Pipeline Overview
Health monitoring is a single pipeline: detection -> state transition -> incident creation -> notification -> cleanup. State transitions also feed the rolling uptime system. All components run inside the Health Evaluator service (cmd/health-evaluator/main.go).
Leader Election
The health evaluator uses PostgreSQL advisory lock-based leader election to ensure safe multi-instance deployment. One active leader runs the full pipeline; N-1 standby instances run only multi-instance-safe subsystems. Implementation:internal/health/leader.go (generic, reusable). Bootstrap via internal/app/bootstrap/leader_election.go.
Advisory lock connection: Uses a dedicated, long-lived pgx.Conn (NOT from the connection pool). The lock is held for the lifetime of leader tenure. If a pooled connection were used, the lock would release silently when the connection returns to the pool.

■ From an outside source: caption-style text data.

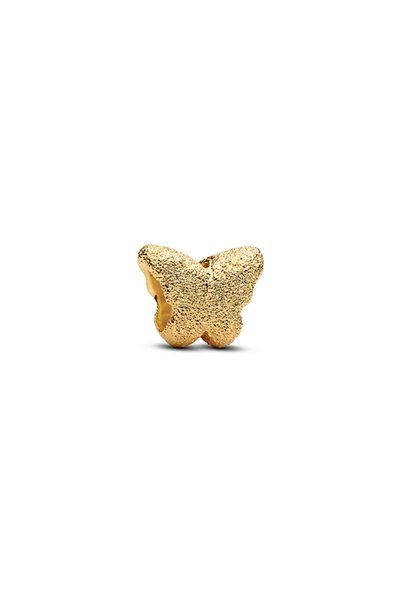 Textured Butterfly Mini Charm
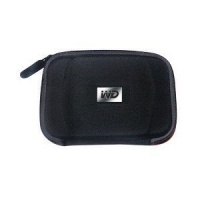 Western Digital Hard Carrying Case for My Passport Portable Drives WDBABJ0000NBK-NRSN  - Black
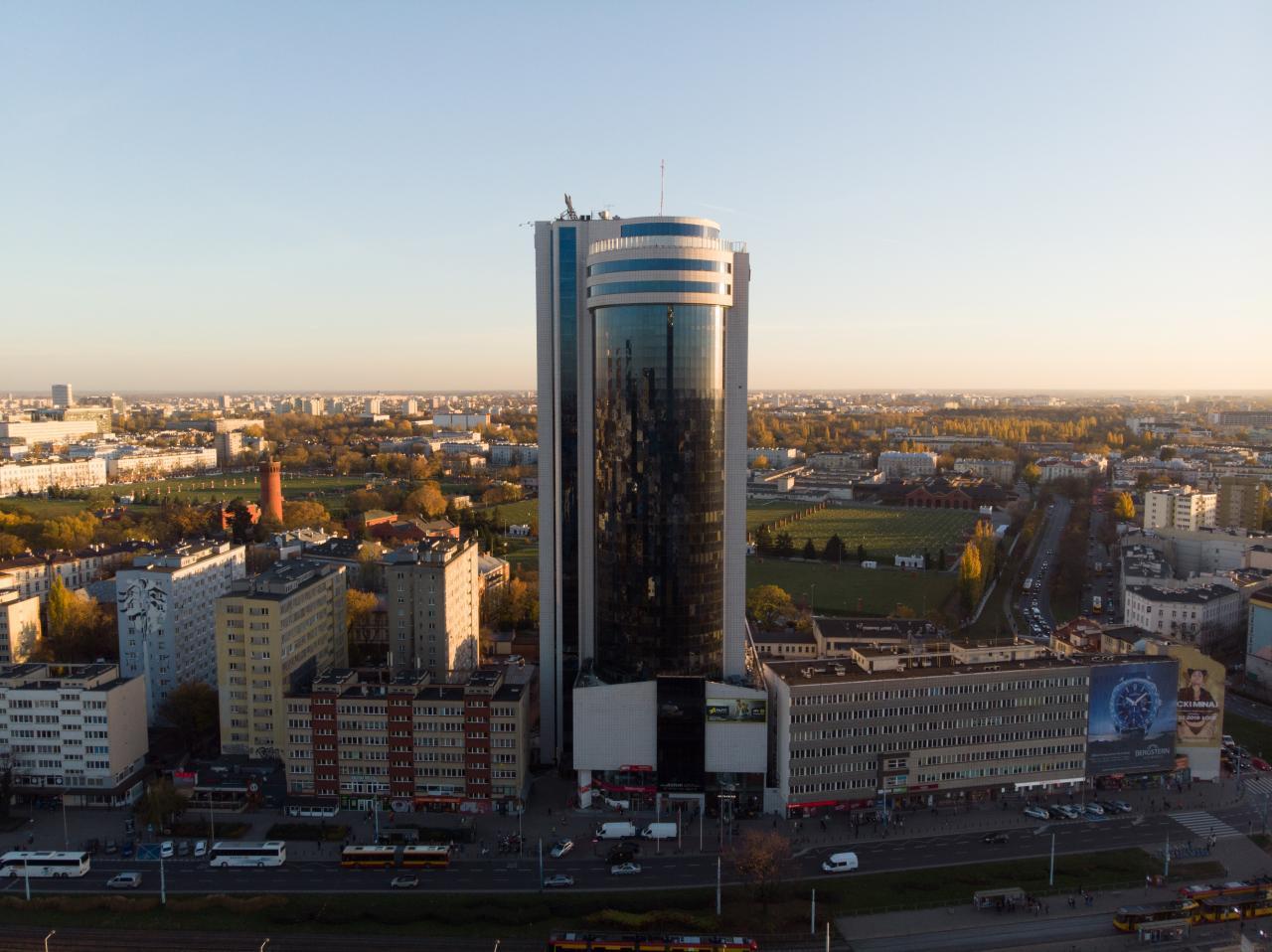 Außenraum von Biznes Zone Warszawa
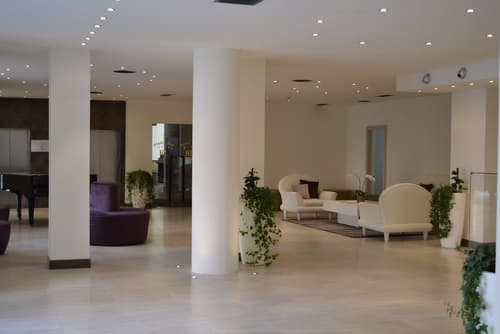 Hotel Lugano Torretta, Lobby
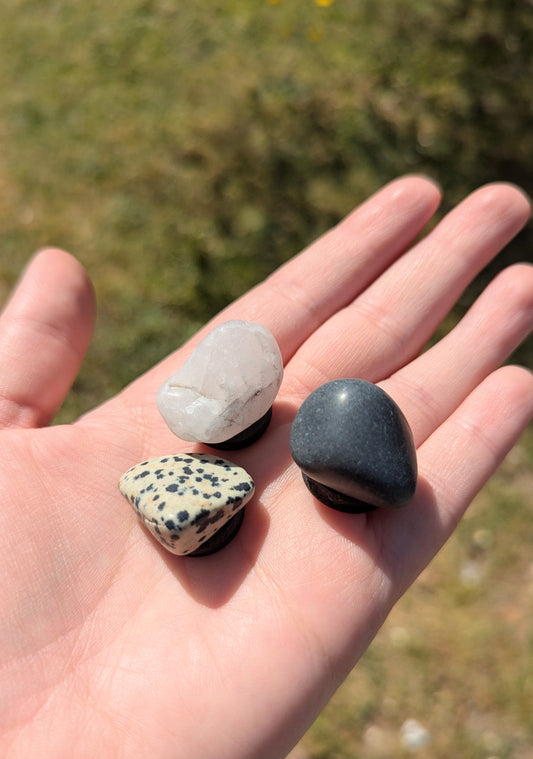 Crystal Magnet 3pk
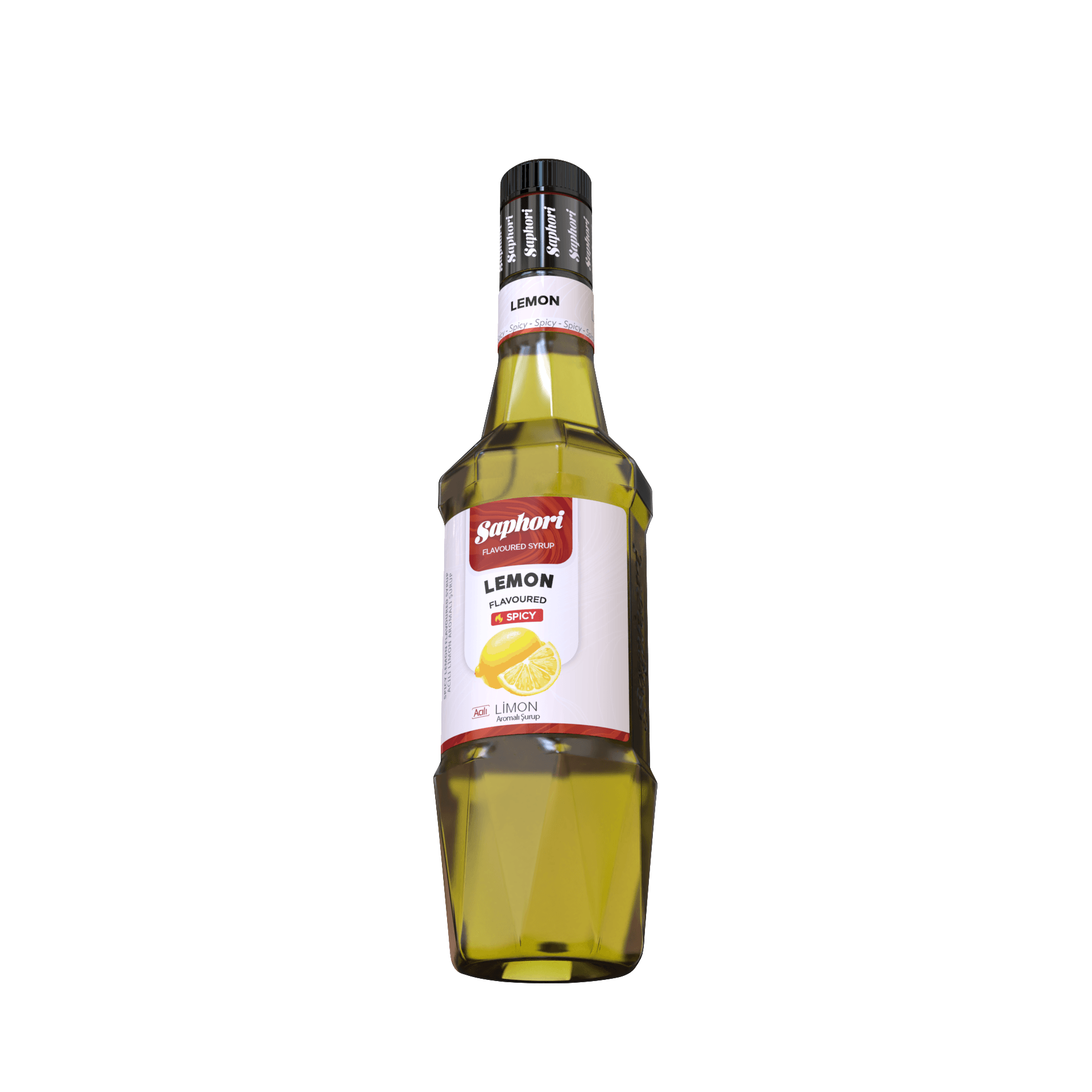 Saphori Acılı Limon Aromalı Kokteyl Şurubu 700 ML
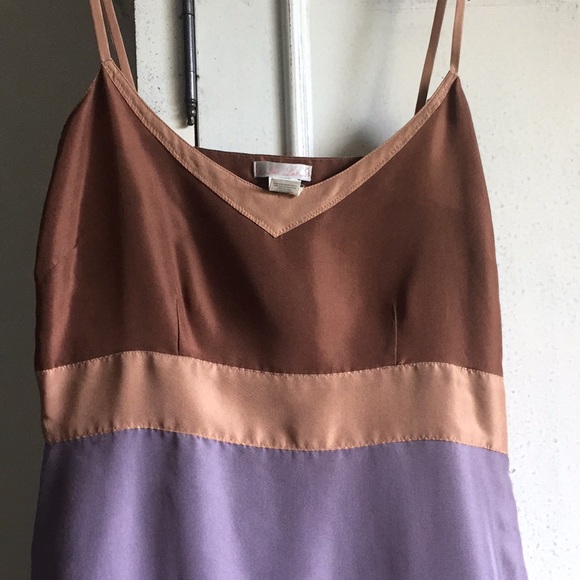 LUX Anthropology Silk dress - Picture 3 of 8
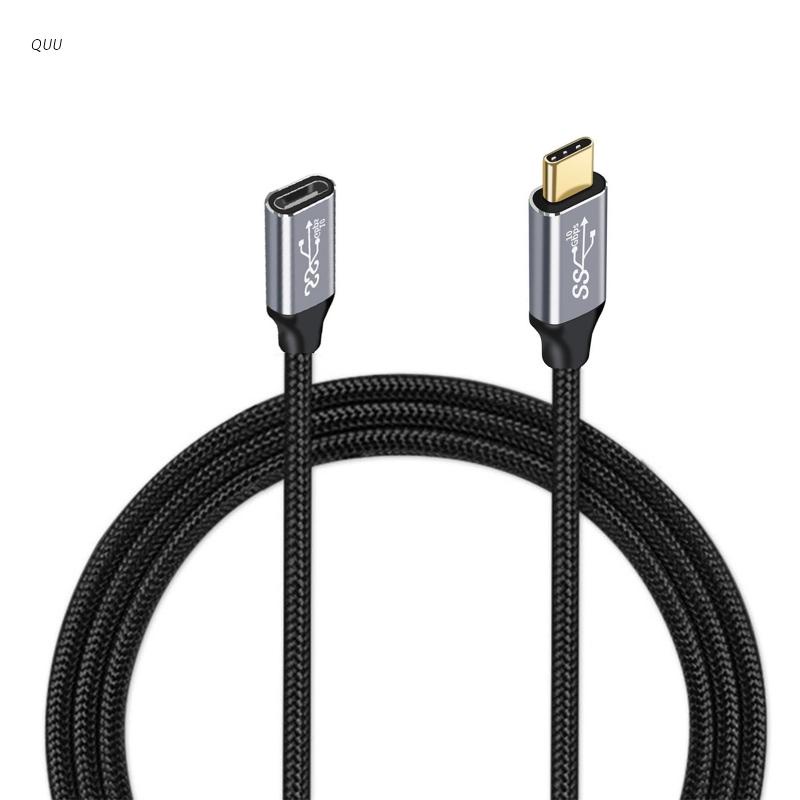 Dây Cáp Mở Rộng PD 100W USB C3.1 Gen 2 Male Sang Female Cho Laptop
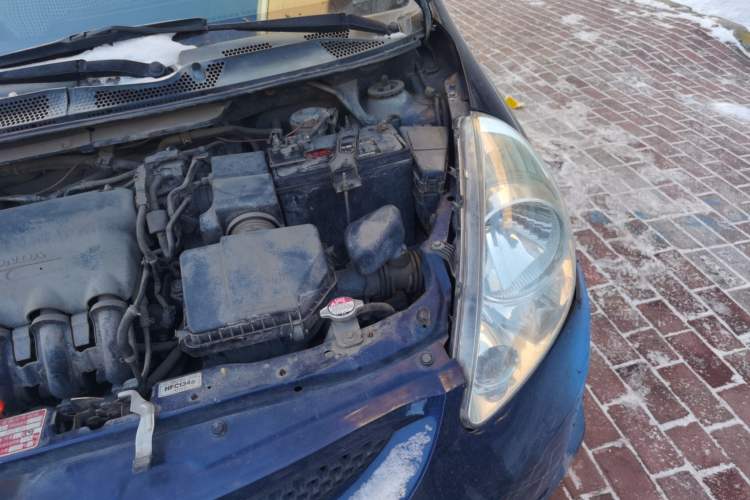 Used Honda Fit 2004 1.5L CVT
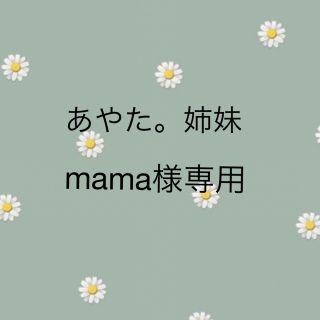 あやた。姉妹mama様専用(ドライフラワー)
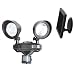 Westinghouse Solar Lighting 481131 Solar System Double Head Flood Light in Pewter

| Subsystem | Leader-gated? | Why |
|---|---|---|
| Heartbeat evaluator | YES | Duplicate evaluation → state races |
| Subscription cleaner | YES | Duplicate termination workflows |
| Terraform cleaner | YES | Duplicate cleanup |
| Maintenance cleaner | YES | Duplicate recovery |
| Backup cleaner | YES | Duplicate cleanup |
| Outbox worker | NO | FOR UPDATE SKIP LOCKED — already multi-instance safe |
| Incident dispatcher | YES | In-memory rate limiter per instance → 2x notifications |
| Rate limiter eviction | YES | Paired with dispatcher |
| Uptime worker | YES | Duplicate writes |
| Metrics ingester | NO | Idempotent writes to metrics DB |
| Policy evaluator | YES | Evaluates same data as evaluator |
health_evaluator_is_leader{instance="X"} 1|0.
NodeHealthMachine
File:internal/health/machine.go
Single gateway for all node state transitions. Enforces the transition table, uses optimistic locking (version column on node_health_state AND state_version column on nodes), and emits events via the health_event_outbox table.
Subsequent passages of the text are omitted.